Today, the Associated Press reports on a new Congressional Budget Office report showing that the deal that purported to slash spending by $38.5 billion for the remainder of the year, really only reduces outlays by a fraction of that amount, and only cuts this year's deficit by a mere $352 million. If the $38.5 billion was chump change in the context of $14 trillion debt, I wouldn't even know what to call $352 million. Bread crumbs, maybe?
The AP reports
The Congressional Budget Office estimate shows that compared with current spending rates the spending bill due for a House vote Thursday would pare just $352 million from the deficit through Sept. 30. About $8 billion in cuts to domestic programs and foreign aid are offset by nearly equal increases in defense spending....
The CBO study confirms that the measure trims $38 billion in new spending authority, but many of the cuts come in slow-spending accounts like water-and-sewer grants that don't have an immediate deficit impact.
A separate CBO analysis provided to lawmakers but not released publicly says that $5.7 billion in savings claimed by cutting bonuses to states enrolling more children and reducing the amount of money available to subsidize health care cooperatives authorized under the new health care law won't produce a dime of actual savings. CBO believes they are simply cuts to spending authority that is unlikely to be used anyway.

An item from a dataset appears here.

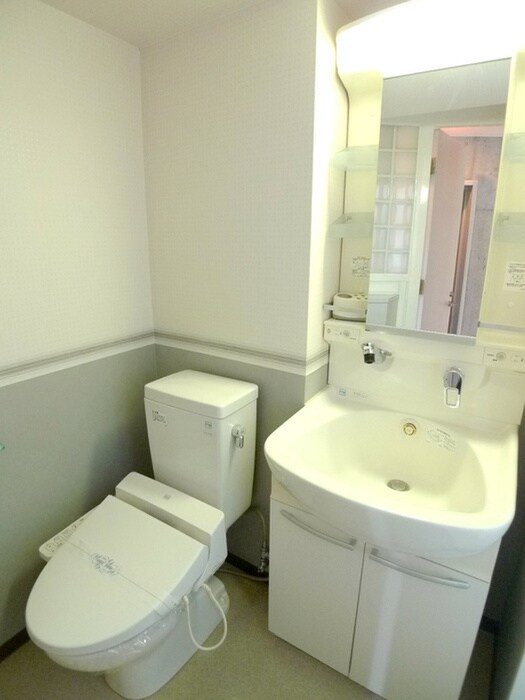 物件内観写真11　(洗面)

Yet as advertised, the deal was supposed to also reduce spending for the remainder of the year by a larger margin than it actually will, at least according to the AP's report on the CBO analysis.
When I gave my initial positive assessment of the deal, I saw the argument as being about whether Democrats would agree to defunding Planned Parenthood and ObamaCare and defanging the EPA, while achieving $61 billion in spending cuts. I didn't see Republicans as being able to force all of those changes when they only controlled one chamber of Congress. I thought other conservatives were being unrealistic about the possibility that the GOP would win the public relations battle over a shutdown and get President Obama and Democrats to cave. And I thought it was more important to move the discussion to Rep. Paul Ryan's budget, which actually addresses the long-term drivers of debt, our entitlements. I still believe all of those things, but as it turns out, I should have been a lot more skeptical about the numbers being thrown around at a point when details were scarce.
Unfortunately, it now appears that the new Republican majority has done what it attacked Democrats for doing when they controlled the House. They negotiated a back room deal, didn't release the details until 2 a.m., and the more we have of the details, the more we find out that the actual deal is filled with accounting gimmicks. Not a good way to earn back the trust of conservatives who grew disillusioned with the GOP the last time they controlled the House.